TO DO: Take the entries below and print only the lines from the one with "2025 Kia Pegas 1.4 LX" through the one with "Photo of توقيف", exactly as they stand, both ends included.

==== TASK INPUTS ====

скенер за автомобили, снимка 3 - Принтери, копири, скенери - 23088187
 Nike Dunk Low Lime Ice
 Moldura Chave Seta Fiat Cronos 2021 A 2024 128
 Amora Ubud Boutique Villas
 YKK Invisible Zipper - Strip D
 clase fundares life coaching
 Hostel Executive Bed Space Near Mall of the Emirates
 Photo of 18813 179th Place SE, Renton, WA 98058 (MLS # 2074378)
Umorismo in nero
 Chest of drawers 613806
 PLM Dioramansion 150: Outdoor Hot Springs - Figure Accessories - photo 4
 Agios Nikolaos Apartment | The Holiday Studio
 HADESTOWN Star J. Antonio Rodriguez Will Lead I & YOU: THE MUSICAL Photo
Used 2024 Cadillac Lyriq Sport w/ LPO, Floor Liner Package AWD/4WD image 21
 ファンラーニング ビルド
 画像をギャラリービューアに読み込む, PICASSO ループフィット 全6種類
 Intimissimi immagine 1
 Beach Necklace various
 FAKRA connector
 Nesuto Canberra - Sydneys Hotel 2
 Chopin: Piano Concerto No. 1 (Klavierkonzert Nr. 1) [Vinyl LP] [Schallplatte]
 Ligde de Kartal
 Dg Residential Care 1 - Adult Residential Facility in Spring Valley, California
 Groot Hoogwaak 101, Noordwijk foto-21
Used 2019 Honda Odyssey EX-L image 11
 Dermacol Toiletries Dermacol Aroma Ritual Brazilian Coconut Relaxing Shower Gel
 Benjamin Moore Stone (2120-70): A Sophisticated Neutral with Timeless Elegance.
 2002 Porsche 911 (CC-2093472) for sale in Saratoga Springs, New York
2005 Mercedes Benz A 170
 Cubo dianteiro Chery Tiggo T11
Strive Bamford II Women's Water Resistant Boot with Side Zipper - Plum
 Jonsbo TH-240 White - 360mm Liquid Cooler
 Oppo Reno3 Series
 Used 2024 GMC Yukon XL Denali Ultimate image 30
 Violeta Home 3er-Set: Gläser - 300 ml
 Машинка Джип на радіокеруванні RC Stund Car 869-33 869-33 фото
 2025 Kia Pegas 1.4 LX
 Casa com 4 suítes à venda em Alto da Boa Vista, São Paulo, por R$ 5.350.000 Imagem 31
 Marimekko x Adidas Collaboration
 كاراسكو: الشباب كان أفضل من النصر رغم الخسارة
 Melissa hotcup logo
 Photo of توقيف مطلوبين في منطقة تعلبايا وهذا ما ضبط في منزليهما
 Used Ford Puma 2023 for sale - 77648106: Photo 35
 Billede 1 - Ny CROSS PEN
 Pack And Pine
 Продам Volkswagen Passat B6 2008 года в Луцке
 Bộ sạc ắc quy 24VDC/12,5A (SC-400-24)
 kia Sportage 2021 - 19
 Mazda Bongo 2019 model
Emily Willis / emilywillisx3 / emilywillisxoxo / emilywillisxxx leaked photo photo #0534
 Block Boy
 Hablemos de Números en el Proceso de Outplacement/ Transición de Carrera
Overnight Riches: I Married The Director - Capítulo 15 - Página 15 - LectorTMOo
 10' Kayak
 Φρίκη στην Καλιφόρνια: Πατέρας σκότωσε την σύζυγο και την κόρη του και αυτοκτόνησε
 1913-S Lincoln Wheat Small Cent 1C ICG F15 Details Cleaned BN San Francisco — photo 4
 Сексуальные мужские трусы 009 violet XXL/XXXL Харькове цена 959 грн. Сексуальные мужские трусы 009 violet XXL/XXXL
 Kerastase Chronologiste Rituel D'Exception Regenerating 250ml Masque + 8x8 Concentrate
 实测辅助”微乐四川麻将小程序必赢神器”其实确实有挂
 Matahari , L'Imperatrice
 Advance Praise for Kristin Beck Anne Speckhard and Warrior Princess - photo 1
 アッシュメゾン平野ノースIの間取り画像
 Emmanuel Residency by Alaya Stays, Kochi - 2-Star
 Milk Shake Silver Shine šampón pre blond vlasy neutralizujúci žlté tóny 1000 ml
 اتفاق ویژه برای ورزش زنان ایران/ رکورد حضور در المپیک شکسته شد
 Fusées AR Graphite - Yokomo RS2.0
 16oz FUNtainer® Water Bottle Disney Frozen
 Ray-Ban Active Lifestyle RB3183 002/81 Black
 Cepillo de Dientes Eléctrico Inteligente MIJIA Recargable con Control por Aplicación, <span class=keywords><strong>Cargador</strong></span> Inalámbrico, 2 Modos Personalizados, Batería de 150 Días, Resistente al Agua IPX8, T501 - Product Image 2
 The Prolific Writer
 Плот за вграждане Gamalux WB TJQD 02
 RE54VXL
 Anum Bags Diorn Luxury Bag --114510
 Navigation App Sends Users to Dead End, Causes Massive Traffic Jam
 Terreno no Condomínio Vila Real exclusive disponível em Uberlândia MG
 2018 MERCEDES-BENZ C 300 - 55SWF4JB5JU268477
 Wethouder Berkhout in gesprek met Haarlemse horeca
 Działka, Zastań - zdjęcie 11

====

RESULT:
 2025 Kia Pegas 1.4 LX
 Casa com 4 suítes à venda em Alto da Boa Vista, São Paulo, por R$ 5.350.000 Imagem 31
 Marimekko x Adidas Collaboration
 كاراسكو: الشباب كان أفضل من النصر رغم الخسارة
 Melissa hotcup logo
 Photo of توقيف مطلوبين في منطقة تعلبايا وهذا ما ضبط في منزليهما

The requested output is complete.